Ed ecco che nel 2024 si vuole sovvertire l’impostazione che vede il rapporto cittadino – autorità paritario e frutto di un percorso di allontanamento dalla concezione autoritaria. Viene introdotta un’aggravante (non bilanciabile con le attenuanti) per gli atti di resistenza a pubblico ufficiale se destinataria è la Polizia (o le altre forze di sicurezza). Quindi, atti di violenza rivolti ad altri pubblici ufficiali —per esempio contro i giudici— saranno considerati meno gravi. L’aggravante specifica va letta con la nuova figura di lesione ad un agente in servizio. La norma prima riservata (recente riforma) agli stadi è ora estesa a tutti i contesti e chiunque causerà delle lesioni anche leggerissime (cosa che capita sovente nelle manifestazioni al termine delle quali molti agenti refertano lesioni anche di due/tre giorni) si vedrà indagato per un reato punito con una pena dai due ai cinque  anni di carcere. Rispetto alle lesioni lievissime ante riforma, il minimo pena non è stato raddoppiato e nemmeno triplicato, ma quadruplicato (e se le lesioni causate sono più gravi si va dagli otto ai dieci anni). Il diritto penale dell’amico invade altre parti del c.d. d.d.l. Sicurezza: se un inquilino diventa occupante abusivo (es. per morosità incolpevole) e si rifiuta di lasciare casa, il contenzioso —prima di natura squisitamente civilistica— vede il passaggio dal magistrato al manganello con la procedura autorizzata di sgombero della forza pubblica in 48 ore.

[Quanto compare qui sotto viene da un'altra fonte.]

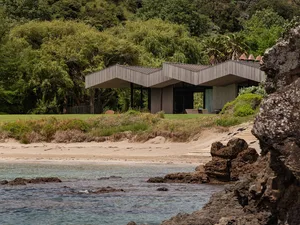 Modern house with geometric roofline on a sandy beach with lush greenery in the background.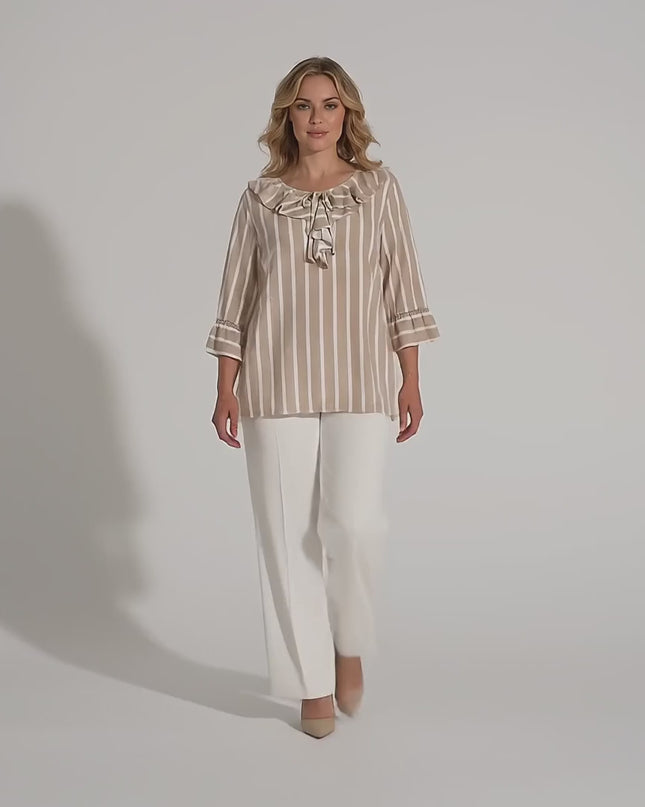 Βίντεο σε περιβάλλον στούντιο που δείχνει ένα γυναικείο μοντέλο να περπατάει αργά προς την κάμερα φορώντας το ρούχο Επίσημη εβαζέ ριγέ τουνίκ σε μπεζ και λευκό για μεγάλα μεγέθη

La parte più indegna del progetto sovversivo rispetto al rapporto cittadino autorità di sicurezza si realizza però in danno dei soggetti reclusi. Con l’introduzione del reato di rivolta carceraria attuabile anche solo con la resistenza pacifica si toglie ogni forma di possibile manifestazione di dissenso; in un contesto che vede un’emergenza opposta si lancia un messaggio chiaro: suicidatevi (già più di 80 i suicidi nel 2024).

La polizia penitenziaria ha oggi in Italia in corso 10 procedimenti per torture avvenute all’interno degli istituti di pena e la riforma che spezza il dissenso, anche minimo, interno agli istituti sembra fatta di proposito per ricompensare la categoria. Del resto, tutti ricordiamo la presenza dell’attuale sottosegretario alla giustizia Andrea Delmastro davanti al carcere di Santa Maria Capua Vetere dopo la mattanza dei detenuti per cui sono ora a processo gli agenti cui espresse solidarietà… un caso? No… è il diritto penale dell’amico.